Web page caption snippets
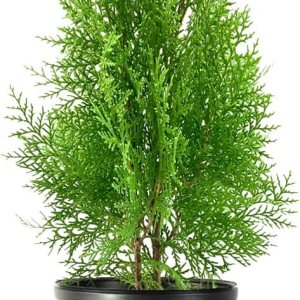 Blue Cone Arborvitae – Planta de tamaño de 1 galón vivo  Follaje azul verdoso vibrante para paisajismo, setos y pantallas de privacidad, tolerante a Blue Cone Arborvitae – Planta de tamaño de 1 galón vivo  Follaje azul verdoso vibrante para paisajismo, setos y pantallas de privacidad, tolerante a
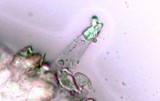 Hemimycena cucullata image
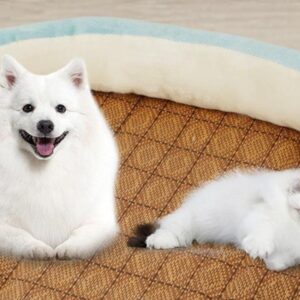 CAMA PARA GATO TALLA S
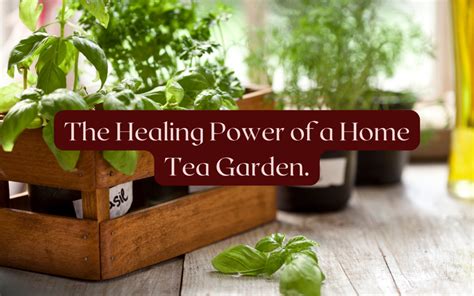 The Healing Power of a Home Tea Garden 6 great things - Tea Jubilee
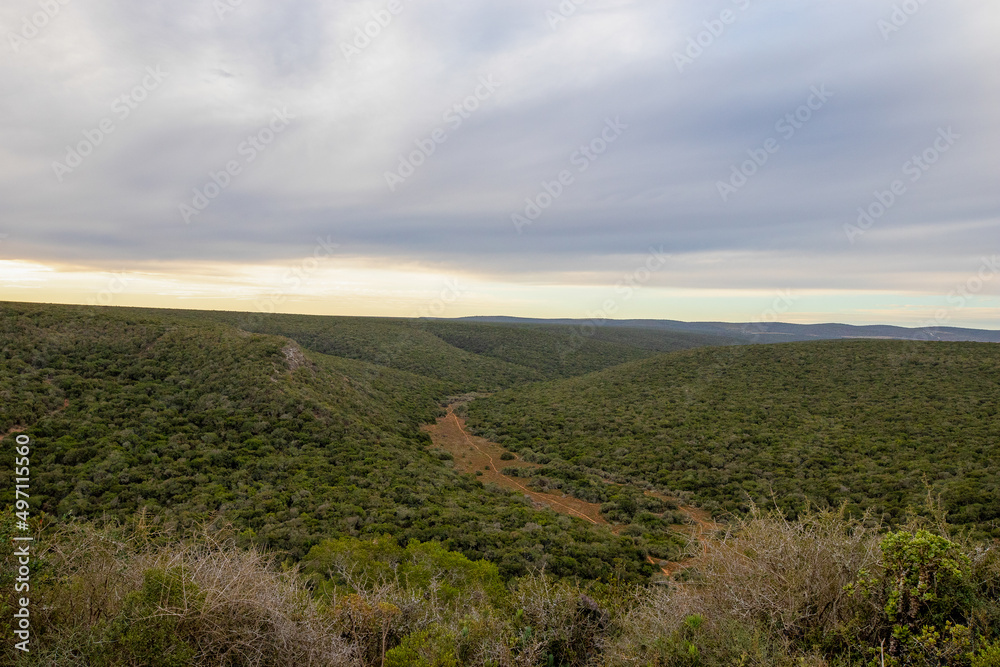 Landscape in Addo Elephant National Park, South Africa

WORK REQUEST: Your answer must be the records above, word for word, with every picture left out.

EXERCISE ANSWER:
 Blue Cone Arborvitae – Planta de tamaño de 1 galón vivo  Follaje azul verdoso vibrante para paisajismo, setos y pantallas de privacidad, tolerante a Blue Cone Arborvitae – Planta de tamaño de 1 galón vivo  Follaje azul verdoso vibrante para paisajismo, setos y pantallas de privacidad, tolerante a
 Hemimycena cucullata image
 CAMA PARA GATO TALLA S
 The Healing Power of a Home Tea Garden 6 great things - Tea Jubilee
 Landscape in Addo Elephant National Park, South Africa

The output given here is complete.